I gave him a few options to choose from and surprisingly he picked the pumpkin bundt.  I say surprisingly because it's March and I usually think of pumpkin as being a fall or winter flavor.  But we had a few cans of pumpkin puree in the cupboard (I hoarded about 4 or 5 cans last holiday season because I had heard there was a shortage) so all I had to do was look for the perfect recipe.  Well, I will save you the trouble of looking for the perfect pumpkin bundt recipe because I found it.  Moist and tender crumb, a sweet and buttery streusel layer and the perfect amount of spice.  

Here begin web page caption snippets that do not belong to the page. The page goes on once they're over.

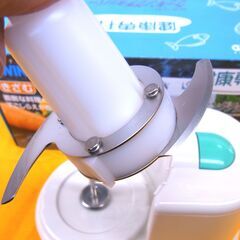 ツインバード クッキングカッター フードプロセッサー KC-4604W 2005年製 キッチン家電 調理機器 西岡店の画像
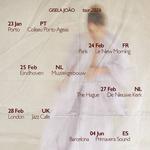 Gisela João - Tour 2026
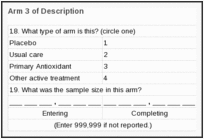 Arm 3 of Description.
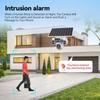Ruibo Shi Hieasy4 PTZ Rotatable HD Solar Camera with Night Vision and Intercom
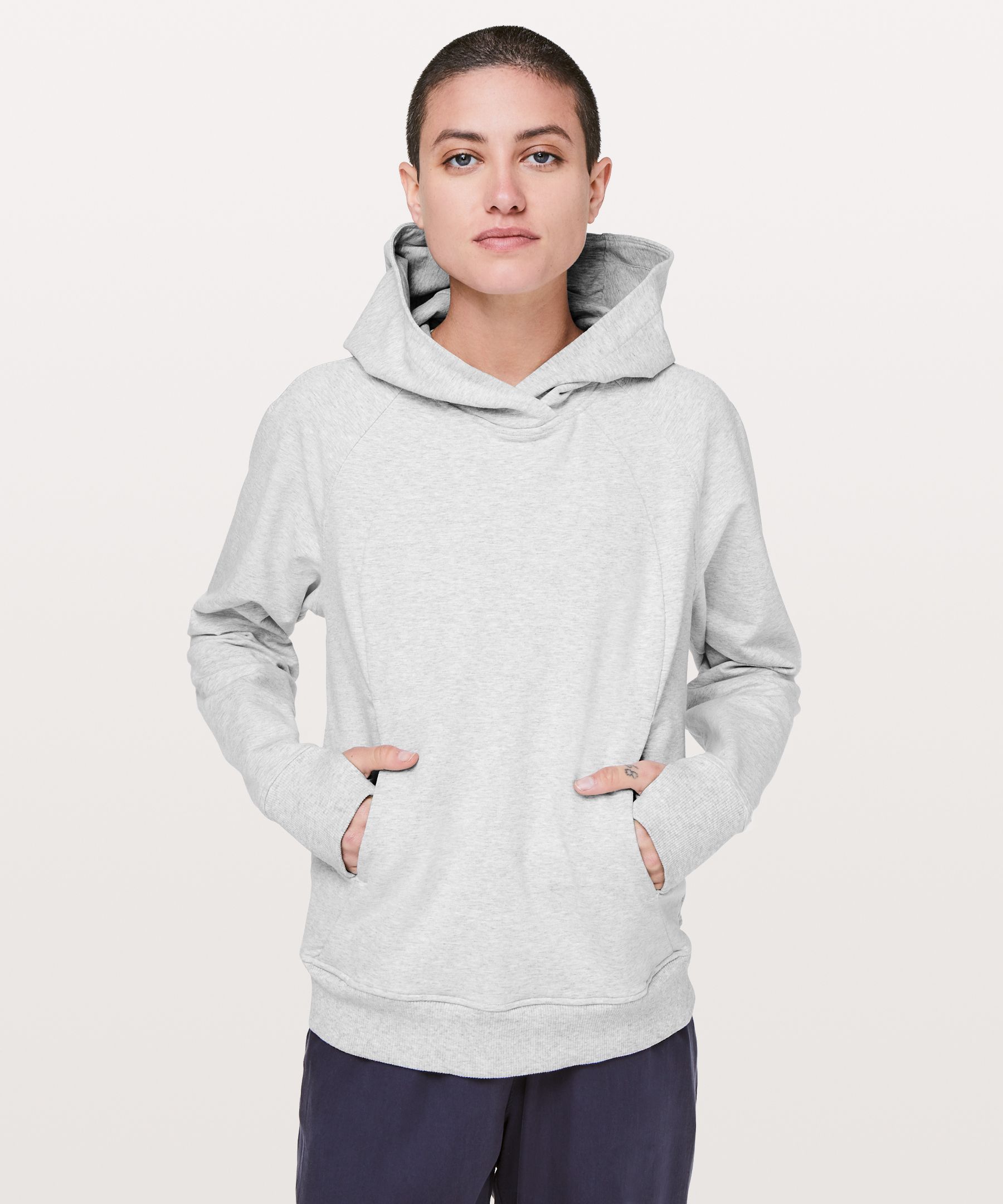 lululemon white sweatshirt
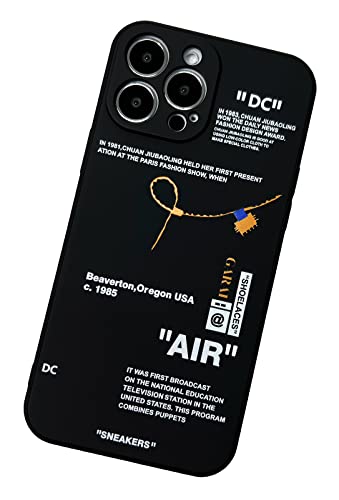 Coque iPhone 15 Pro Max silicone noir étiquette cool fine antichoc - 4
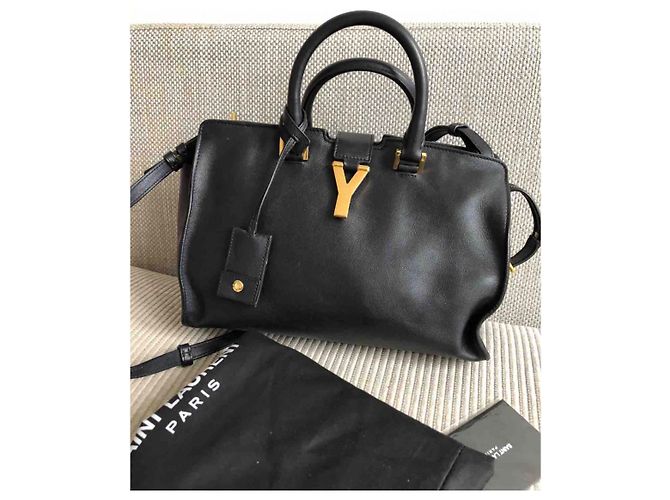 Yves Saint Laurent Borsa a tracolla YSL Chyc - vista 8
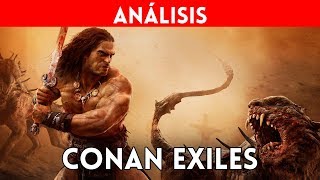 ANÁLISIS Conan Exiles PS4 Xbox One y PC Gameplay en español [upl. by Arol]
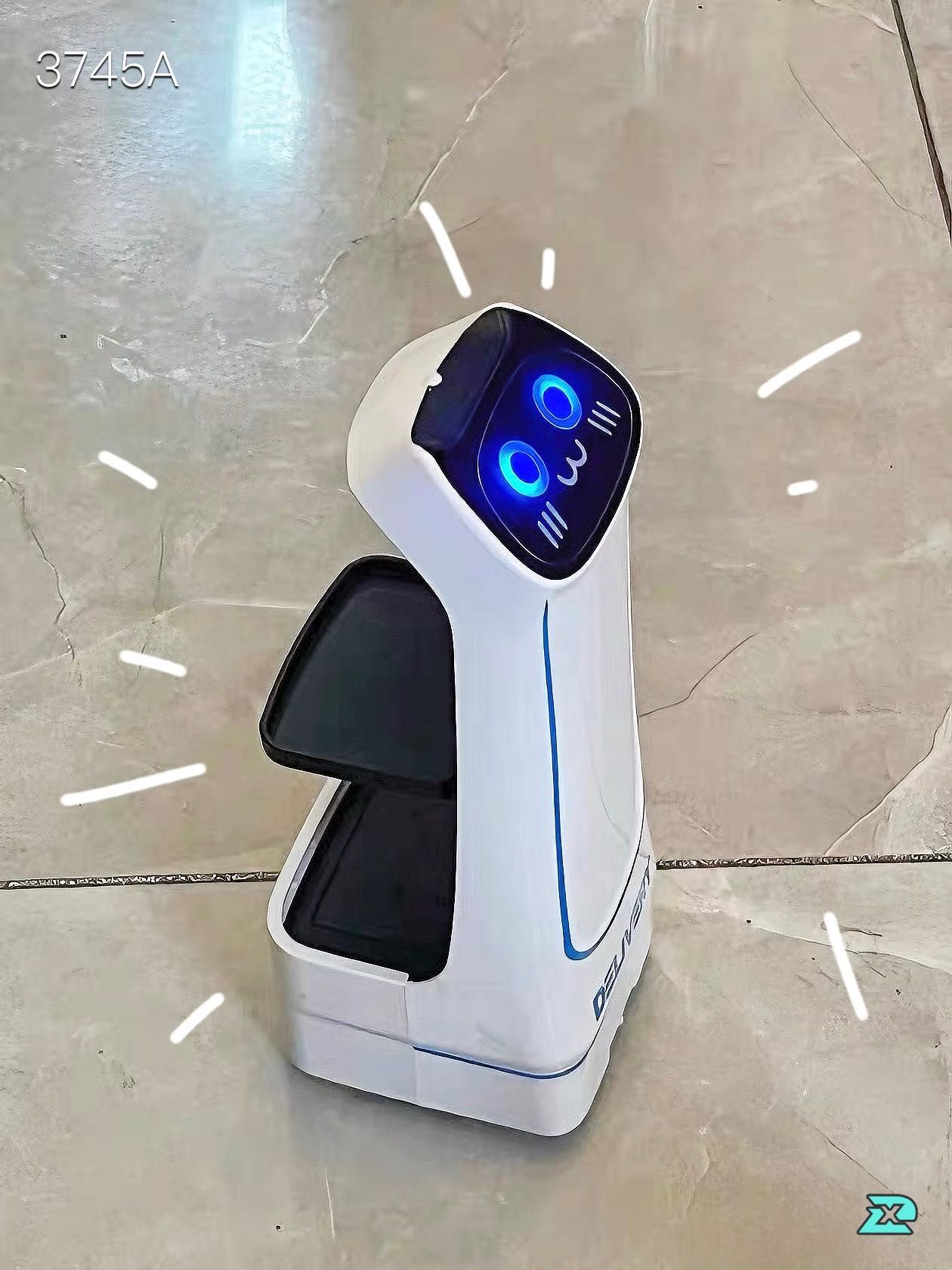哈吉米送餐機器人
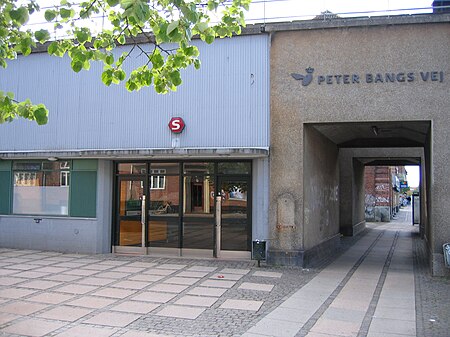 PeterBangsVejStation 1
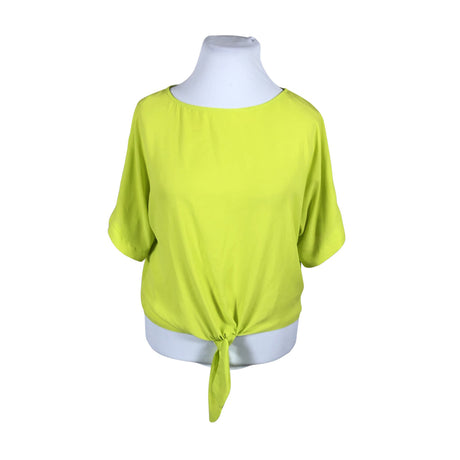 Naisten Dorothy Perkins - Lyhythihainen pusero, koko 42 - Keltainen ()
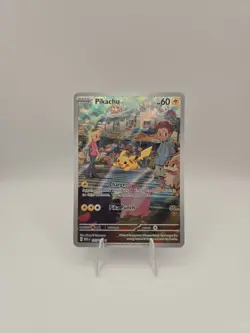 Pikachu 173/165 SV: Scarlet & Violet 151 - Pokemon Card - NM Near Mint - Image 1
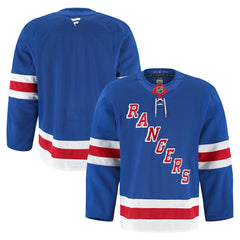 New York Rangers Fanatics Home Authentic Pro Jersey - Royal | Fanatics discount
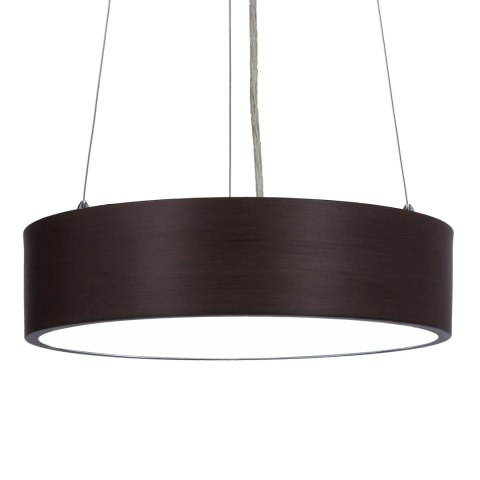 ZIGO LAMPA WISZĄCA 16W LED 6500 K METAL WENGE 330X1200MM
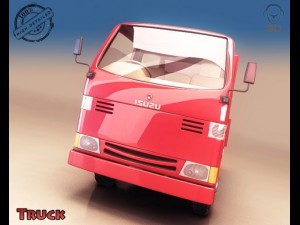 truck Modello 3D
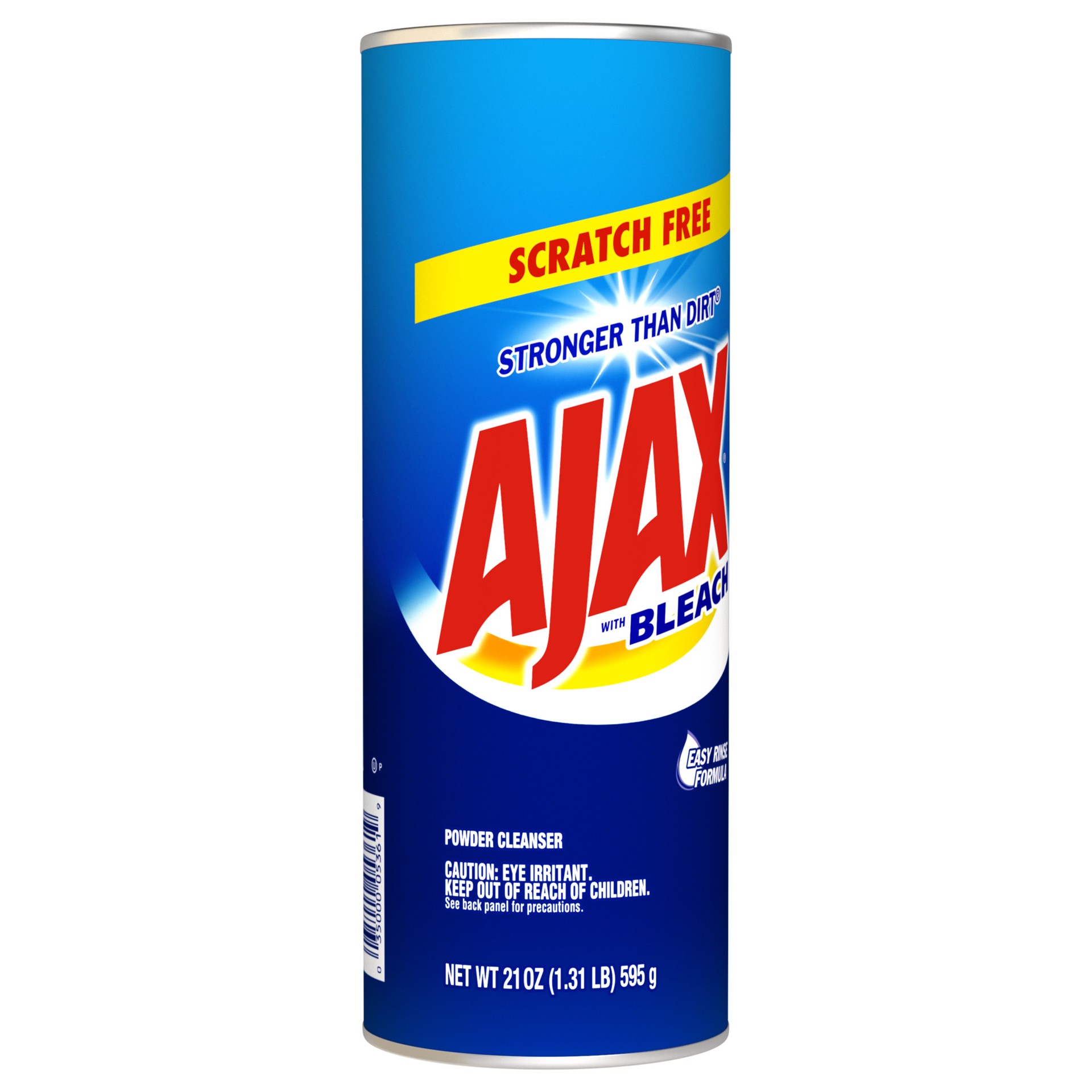 slide 9 of 10, Ajax Powder Cleanser with Bleach - 21 ounce, 21 oz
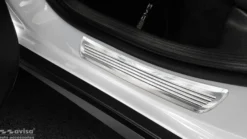 Instegslister i Blank stål Mercedes GLC/GLC Cupe 2015->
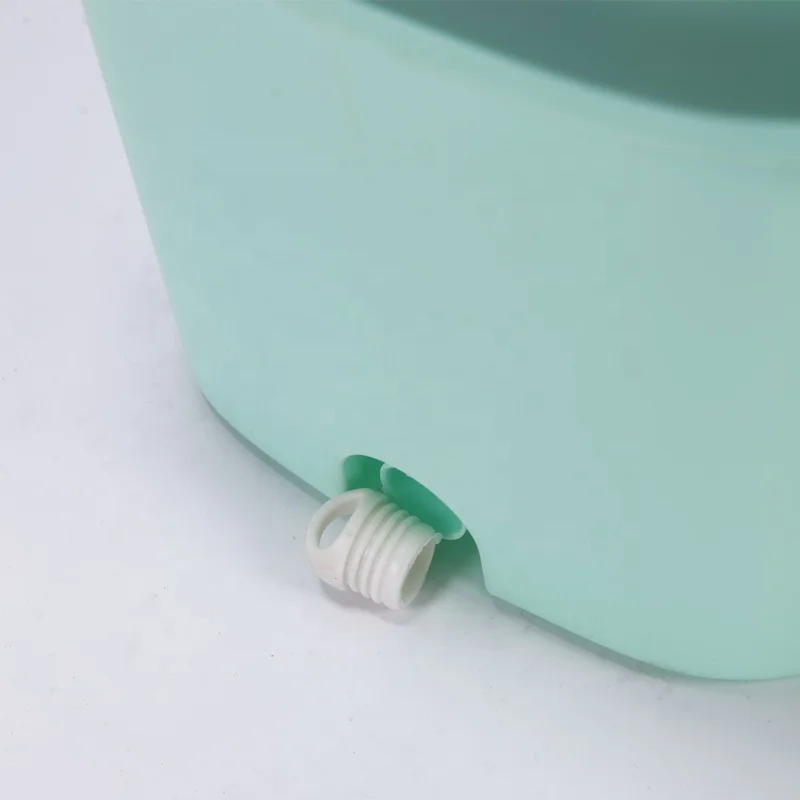 Household Wet and Dry Rotary Mop Hands-free Lazy Mop 360 Degree Magic Microfiber Round Spin Mop Bucket with Wheels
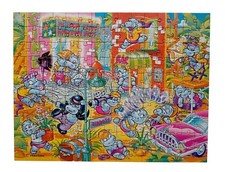 Puzzle vintage sorpresine usato  Roma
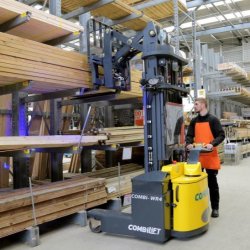 Combilift stabler med saks 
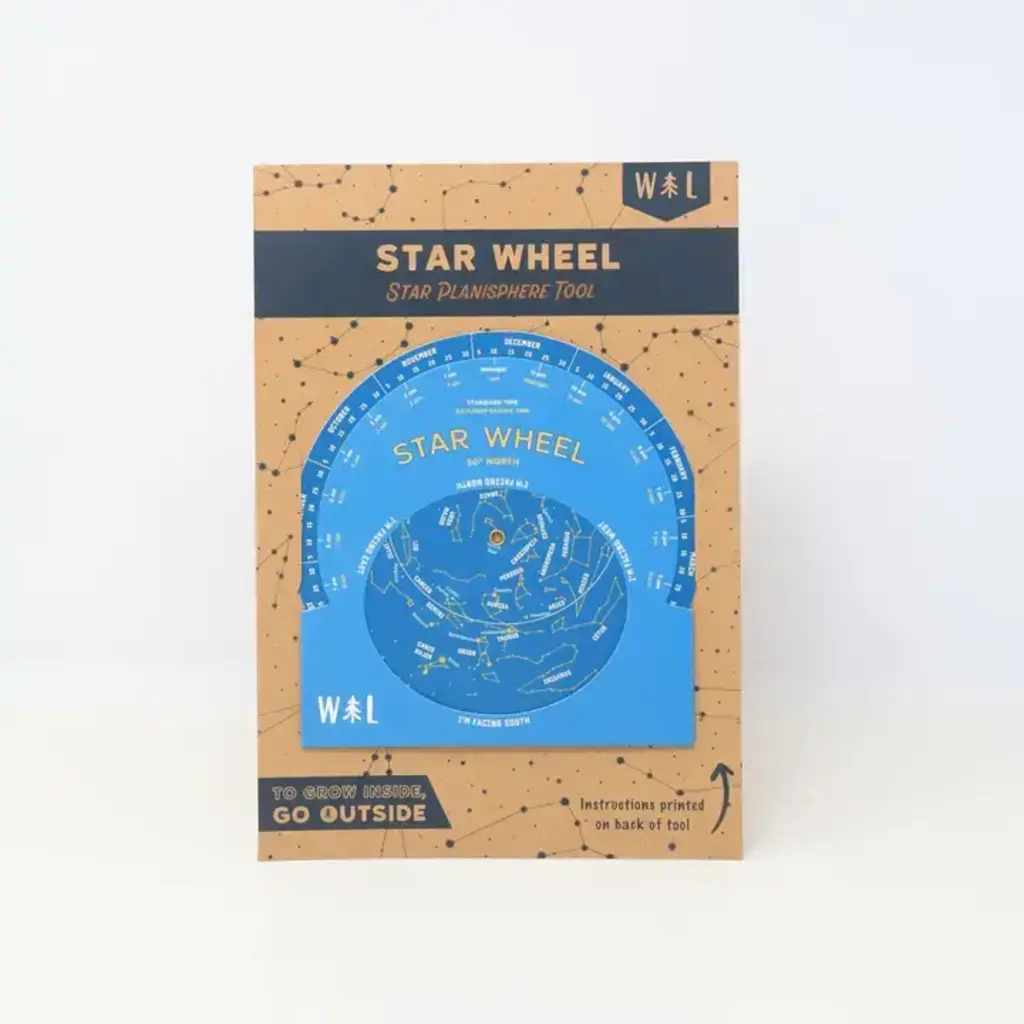 Wild Life Outdoor Adventures Star Planisphere Wheel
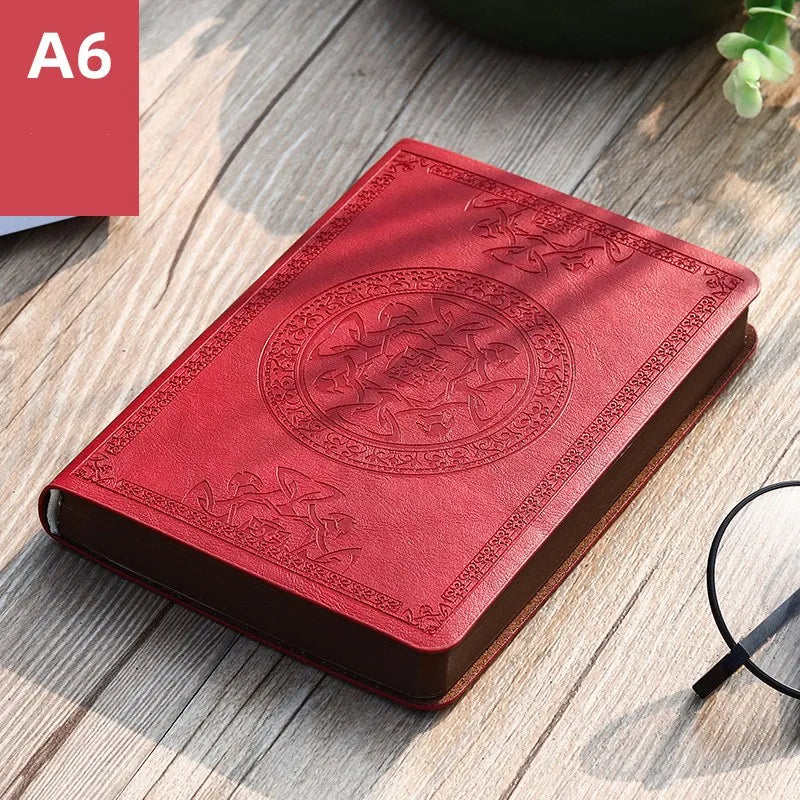 Vintage Embossed A6 Journal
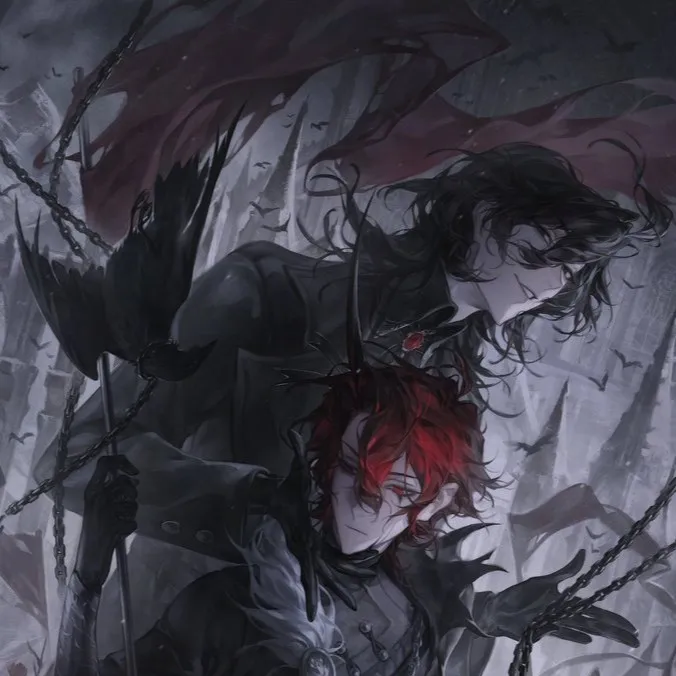 chat with ai character:  Vampire princes ~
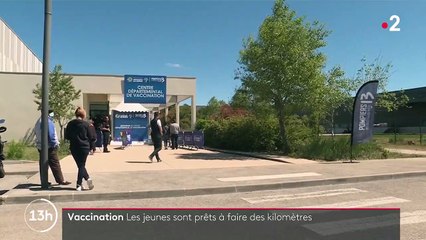 Covid-19 : l'engouement des jeunes pour la vaccination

Enjoy.  Any time of the year.


Pumpkin Bundt with Brown Sugar Streusel Swirl
Adapted from Libby's website

Streusel:

1/2 cup packed brown sugar
1 teaspoon ground cinnamon
1/4 teaspoon pumpkin pie spice
2 teaspoons butter

Cake: 

3 cups all-purpose flour
1 tablespoon ground cinnamon 
2 teaspoons baking soda
1 teaspoon salt
2 cups granulated sugar
1 cup (2 sticks) butter, softened
4 large eggs, room temp
1 cup pumpkin puree (not pumpkin pie mix)
8 oz or 1 cup fat-free plain greek yogurt (I used Fage)
2 teaspoons vanilla extract


Glaze:


2 tablespoons plus 2 teaspoons milk
1 1/2 cups powdered sugar, sifted
1. Preheat oven to 350° F. Prep 12-cup Bundt pan:  spray with non-stick cooking spray and flour pan, tipping to coat all sides.
2. Make streusel by cutting the butter into the spices and brown sugar.  Set aside.
3. For the cake:  Whisk together flour, cinnamon, baking soda and salt in a bowl.
4. Cream sugar and butter together until light and fluffy (about 3 minutes with the paddle attachment).
5. Add eggs one at a time, scraping down sides of bowl.
6. Add pumpkin, greek yogurt and vanilla.
7. With mixer on low, add in flour mixture until just combined.
8. Spoon half batter into pan.
9. Top with streusel mixture being careful not to let the streusel touch the sides of the pan.
10. Top with the rest of the batter.
11. Bake for 55 to 60 minutes (depending on your oven) until toothpick or skewer comes out clean. 
12. Cool for 30 minutes in pan, then depan and cool completely.
13. Before cake is completely cool make your glaze - whisk powdered sugar and milk together.  Drizzle over slightly warm cake.


The glaze hardens slightly once fully cool.  The cake will be moist for days and days.  




Please excuse the AWFUL picture!  It was pouring rain the day I made the cake so there was NO natural light in the kitchen.  You can see the yummy streusel layer running through the center of the cake.